§ **Task item**:
When copying the listing below, skip every picture and keep each word as it stands.

§ **Source data**:
[Start of section]
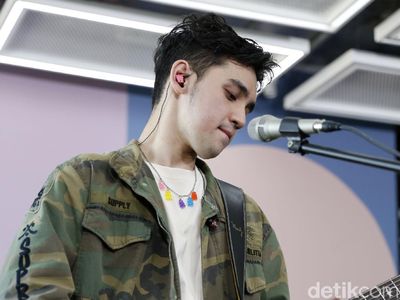 Syahravi Berbagi Cerita dalam You You You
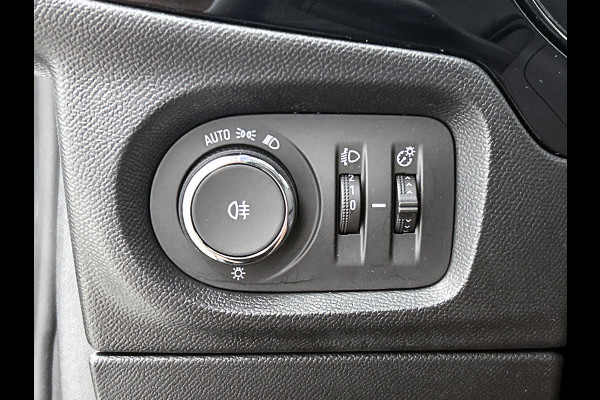 Opel Corsa E 100KW / 50KWh SOH 98% / Airco-Ecc. / Cruise-ctr. / Apple Carplay Android / Navigatie via Usb / Apk 05-2027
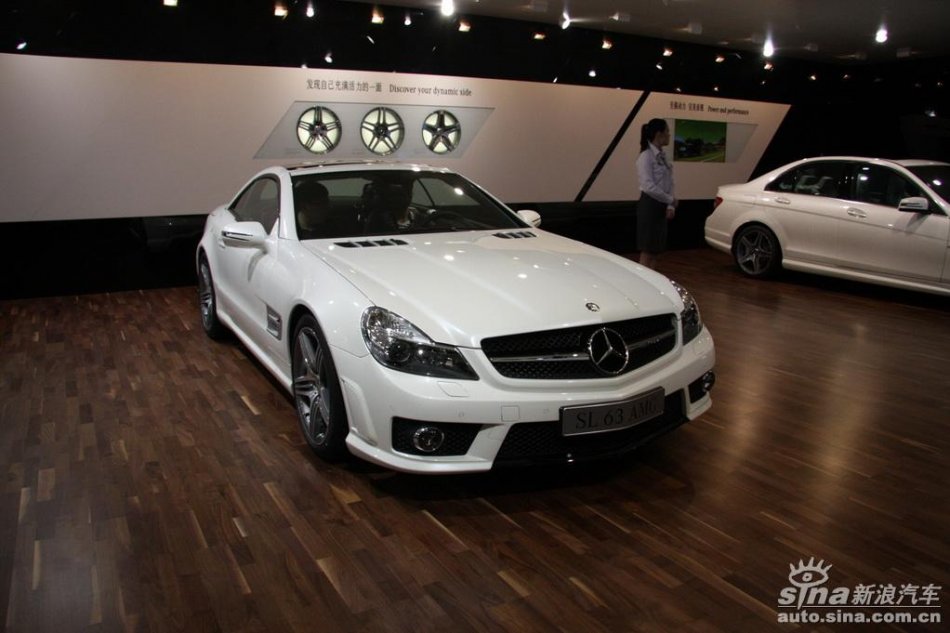 奔驰sl级_奔驰sl车展图图片150542_汽车图库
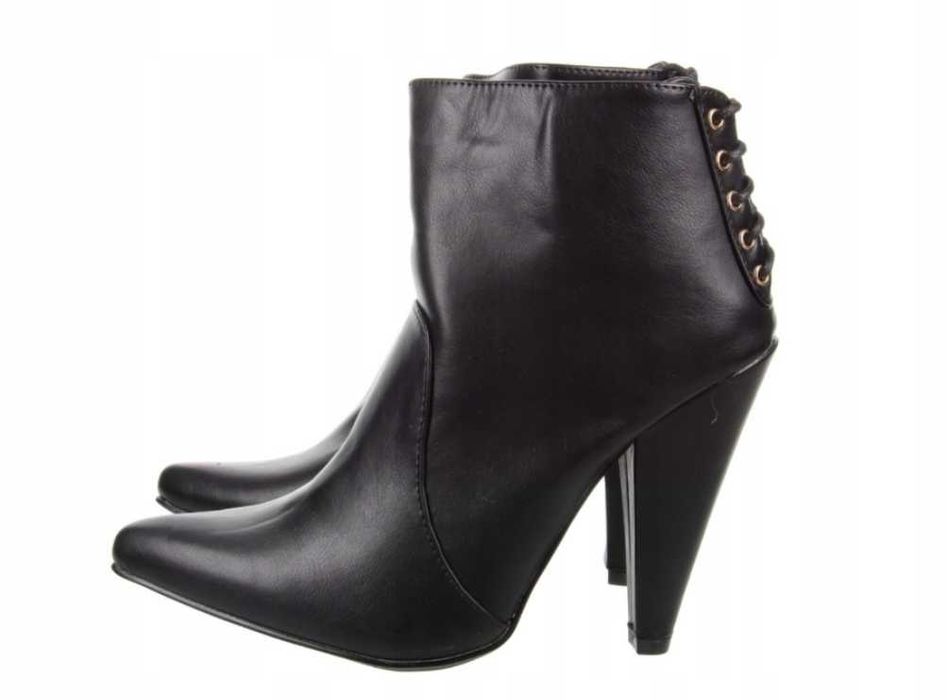 Nowe sznurowane z tyłu botki Shoedazzle 'Gemini' r. 41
[End of section]
§ **Solution for this exercise**:
 Syahravi Berbagi Cerita dalam You You You
 Opel Corsa E 100KW / 50KWh SOH 98% / Airco-Ecc. / Cruise-ctr. / Apple Carplay Android / Navigatie via Usb / Apk 05-2027
 奔驰sl级_奔驰sl车展图图片150542_汽车图库
 Nowe sznurowane z tyłu botki Shoedazzle 'Gemini' r. 41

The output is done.